▸ **Extracted records**

──────

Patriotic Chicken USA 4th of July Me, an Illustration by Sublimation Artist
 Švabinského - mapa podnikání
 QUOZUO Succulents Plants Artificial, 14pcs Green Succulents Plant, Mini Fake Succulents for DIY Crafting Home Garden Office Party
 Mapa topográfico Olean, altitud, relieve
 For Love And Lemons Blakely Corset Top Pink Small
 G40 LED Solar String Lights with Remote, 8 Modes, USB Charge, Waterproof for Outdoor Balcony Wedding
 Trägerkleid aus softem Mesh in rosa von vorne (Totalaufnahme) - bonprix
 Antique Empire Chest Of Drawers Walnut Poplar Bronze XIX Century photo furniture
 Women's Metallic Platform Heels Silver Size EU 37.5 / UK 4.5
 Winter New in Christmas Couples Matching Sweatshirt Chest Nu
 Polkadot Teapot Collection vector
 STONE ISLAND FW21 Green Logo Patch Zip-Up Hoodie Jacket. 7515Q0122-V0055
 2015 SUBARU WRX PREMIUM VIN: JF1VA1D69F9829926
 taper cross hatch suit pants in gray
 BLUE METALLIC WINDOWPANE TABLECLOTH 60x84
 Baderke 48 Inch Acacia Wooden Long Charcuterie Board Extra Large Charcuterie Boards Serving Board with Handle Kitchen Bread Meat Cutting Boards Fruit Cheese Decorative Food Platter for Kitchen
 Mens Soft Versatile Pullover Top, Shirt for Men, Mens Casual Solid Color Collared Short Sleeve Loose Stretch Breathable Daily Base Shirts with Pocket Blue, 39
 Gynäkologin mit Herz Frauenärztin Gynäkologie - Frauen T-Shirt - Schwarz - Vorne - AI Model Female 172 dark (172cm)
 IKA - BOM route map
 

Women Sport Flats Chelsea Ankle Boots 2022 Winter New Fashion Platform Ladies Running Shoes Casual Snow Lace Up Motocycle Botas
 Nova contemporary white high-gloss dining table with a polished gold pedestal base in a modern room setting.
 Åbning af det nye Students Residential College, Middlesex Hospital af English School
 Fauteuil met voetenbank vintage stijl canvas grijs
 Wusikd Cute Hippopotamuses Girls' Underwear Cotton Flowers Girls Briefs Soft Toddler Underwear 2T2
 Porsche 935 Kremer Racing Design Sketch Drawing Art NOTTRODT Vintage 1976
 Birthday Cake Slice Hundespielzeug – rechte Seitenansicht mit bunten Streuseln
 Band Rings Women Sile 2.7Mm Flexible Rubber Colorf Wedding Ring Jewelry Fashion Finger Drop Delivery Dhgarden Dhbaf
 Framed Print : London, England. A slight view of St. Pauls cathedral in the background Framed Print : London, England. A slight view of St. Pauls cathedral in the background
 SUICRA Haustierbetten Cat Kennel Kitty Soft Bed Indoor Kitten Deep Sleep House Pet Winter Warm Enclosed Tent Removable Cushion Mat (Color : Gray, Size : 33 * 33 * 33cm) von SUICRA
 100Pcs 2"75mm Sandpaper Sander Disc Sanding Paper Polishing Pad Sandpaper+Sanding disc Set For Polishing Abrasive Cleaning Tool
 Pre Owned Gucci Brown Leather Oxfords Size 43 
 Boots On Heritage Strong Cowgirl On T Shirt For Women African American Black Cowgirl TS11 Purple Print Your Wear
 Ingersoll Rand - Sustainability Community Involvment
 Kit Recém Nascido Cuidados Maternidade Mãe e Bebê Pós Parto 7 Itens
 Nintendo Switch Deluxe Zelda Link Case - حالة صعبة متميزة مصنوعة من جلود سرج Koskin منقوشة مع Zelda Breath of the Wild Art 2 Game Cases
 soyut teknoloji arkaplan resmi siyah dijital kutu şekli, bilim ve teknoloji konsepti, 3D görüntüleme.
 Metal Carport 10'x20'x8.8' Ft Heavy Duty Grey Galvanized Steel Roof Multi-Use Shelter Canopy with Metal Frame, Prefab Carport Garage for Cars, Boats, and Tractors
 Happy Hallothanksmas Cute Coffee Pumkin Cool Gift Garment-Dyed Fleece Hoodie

──────

▸ **DESCRIPTION OF THE TASK**
Extract, please, the lines from the start of the entries above through the one with "Antique Empire Chest", both included, reproducing each exactly and adding nothing.

▸ **ANSWER BELOW**
Patriotic Chicken USA 4th of July Me, an Illustration by Sublimation Artist
 Švabinského - mapa podnikání
 QUOZUO Succulents Plants Artificial, 14pcs Green Succulents Plant, Mini Fake Succulents for DIY Crafting Home Garden Office Party
 Mapa topográfico Olean, altitud, relieve
 For Love And Lemons Blakely Corset Top Pink Small
 G40 LED Solar String Lights with Remote, 8 Modes, USB Charge, Waterproof for Outdoor Balcony Wedding
 Trägerkleid aus softem Mesh in rosa von vorne (Totalaufnahme) - bonprix
 Antique Empire Chest Of Drawers Walnut Poplar Bronze XIX Century photo furniture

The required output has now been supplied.